Certo, l’alternativa rappresentata dal colosso svizzero Ubs – che sostiene l’ancora viva opzione Passera – è apparsa a tutti più professionale sin dal principio, tant’è che i due correttivi apportati da Jp Morgan e Mediobanca al loro piano originario vanno nella direzione della proposta Ubs-Passera. Ma non sarebbe saggio neanche pensare che gli svizzeri siano la Croce Rossa. Anche loro vogliono guadagnare sul disastro del Monte. La differenza la fa la professionalità e credibilità personale di Passera, sui mercati internazionali: ma l’ex capo di Intesa è un avversario politico, e non se ne parla nemmeno, e qui sta una colpa del governo.
Per il resto, però, il paradosso è che sul fronte bancario Renzi paga per molte altre colpe prevalentemente non sue. Non sta operando al meglio, com’è s’è visto, ma oggettivamente i principali responsabili storici sono altrove.

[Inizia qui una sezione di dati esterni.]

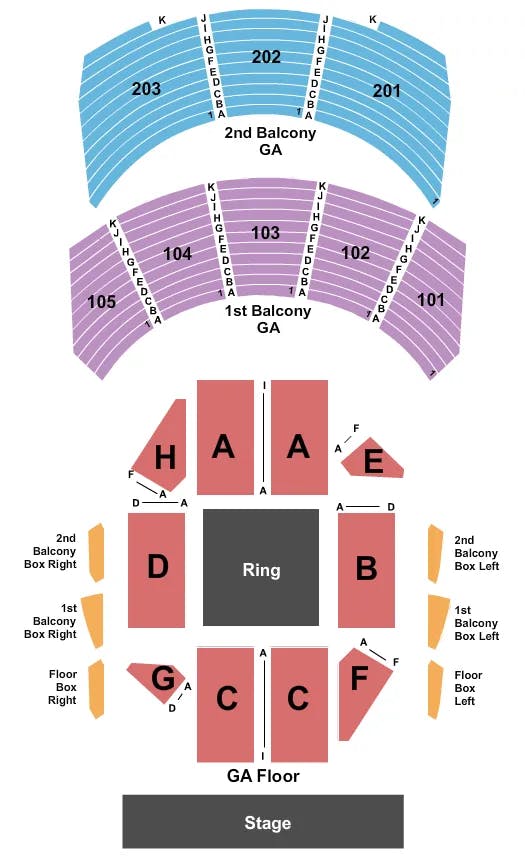  WWE Seating Map Seating Chart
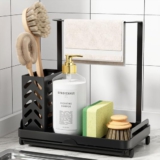 Kitsure Küchen Organizer – Spülbecken Organizer aus Edelstahl, Multifunktionaler Organizer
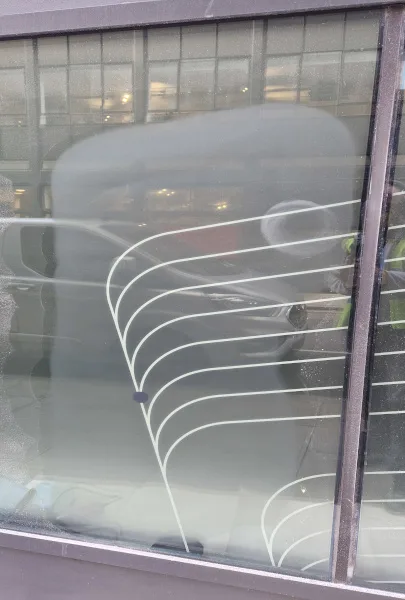 acid graffiti being removed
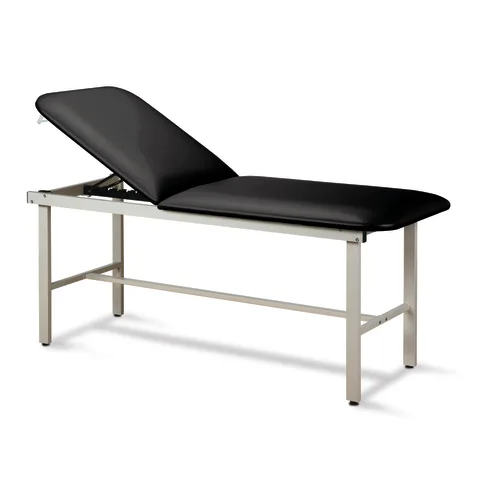 Marketlab-18473-BK Steel Frame Treatment Exam Table with Adjustable Backrest, 1/ea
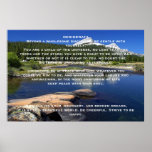 Affiches de lac mountain de DESIDERATA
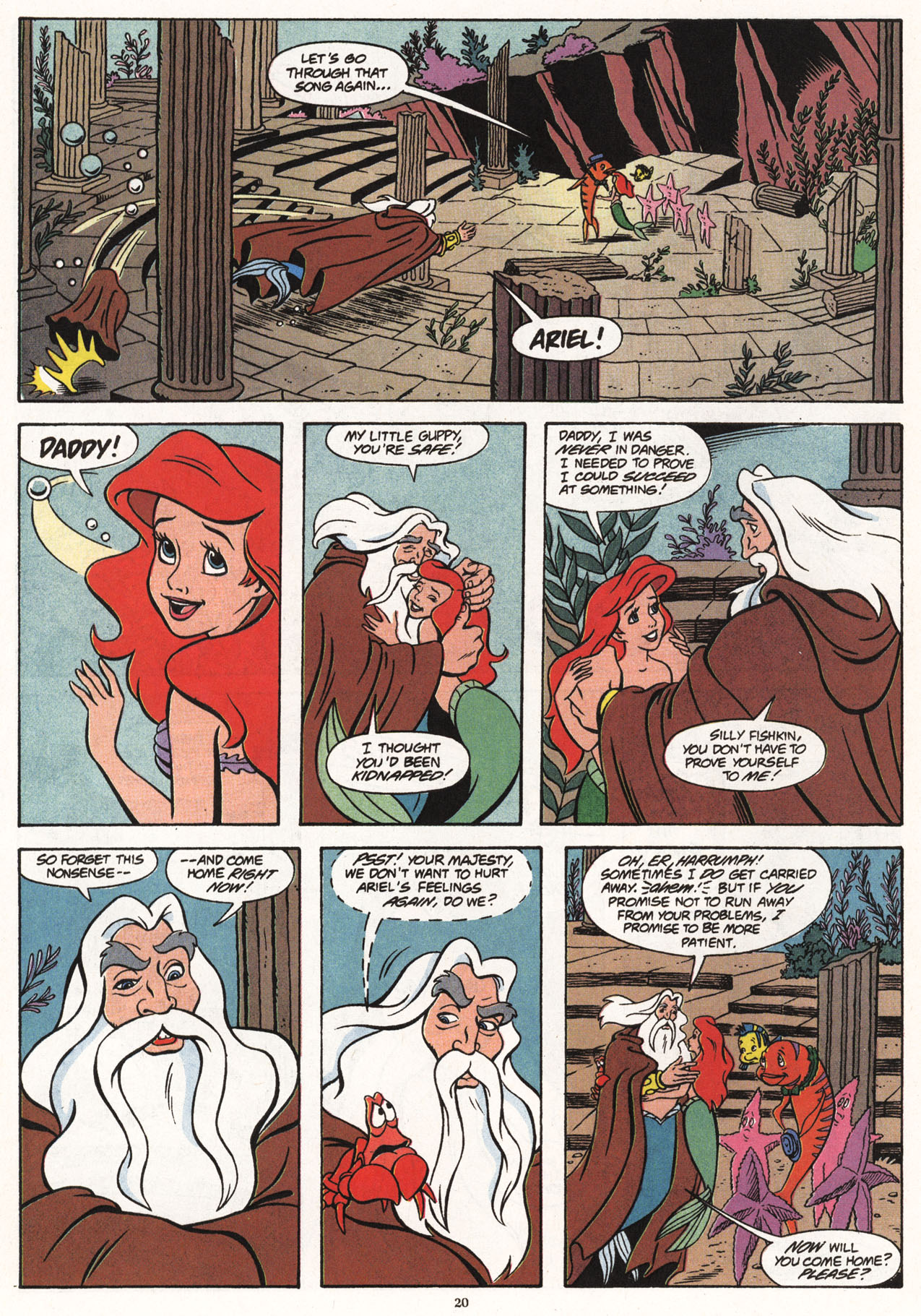 Read online Disney's The Little Mermaid comic -  Issue #1 - 22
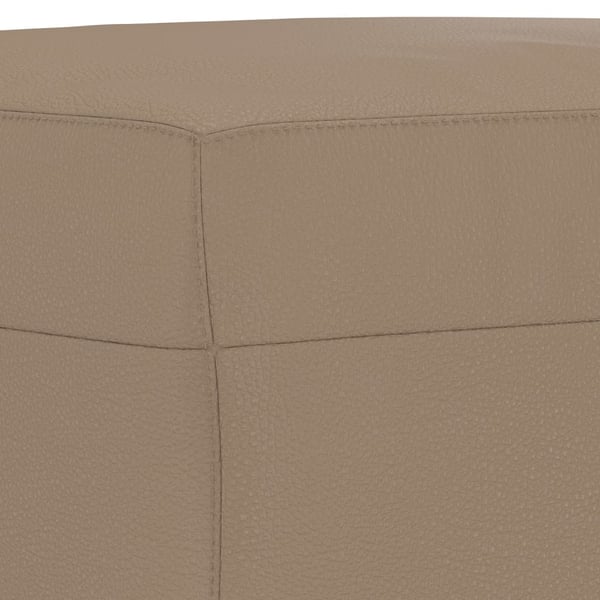 vidaXL fodskammel 60x50x41 cm kunstlæder cappuccino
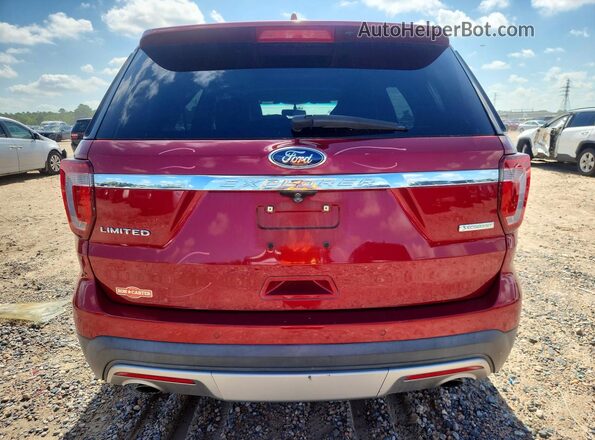 1FM5K7FH4GGC21796 2016 FORD EXPLORER Burgundy Rear view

Il mallevadore politico del devastante gigantismo del Montepaschi è stato, per una lunga stagione, proprio l’ex premier e leader Pd Massimo D’Alema, lo stesso che oggi osteggia vanamente (anzi, col suo solo apparire lo aiuta!) l’impegno del premier per il “sì” al referendum. E l’omissore di soccorso alle banche è stato, come abbiamo visto, Mario Monti.
Oggi sul sistema finanziario italiano convergono due interessi: quello della Bce e dell’estabilishment internazionale; la prima paventa una stagione di purtroppo possibili fallimenti a catena, che destabilizzerebbe l’intera Eurozona; il secondo vuole le banche italiane deboli per annettersele e specularci. Quindi l’opzione Jp Morgan è razionale perché coniuga il massimo vantaggio speculativo col massimo interesse politico, tirar via all’Italia un’altra fetta di sovranità. E l’imbarazzo del governo, ben più forte di qualunque intrallazzo, è proprio quello di non avere alternative. Aggravato dal terrore – dopo il precedente delle quattro banche fallite e del tracollo della Vicentina e di Veneto Banca – del possibile divampare di un altro crac.
Se a tutto ciò si aggiunge la pretesa, antiestetica, di dipingere sempre di un roseo positivismo anche le peggiori brutture della situazione, in chiave anti-gufi, si aggiunge alla situazione quel tocco di grottesco che salta agli occhi di tutti.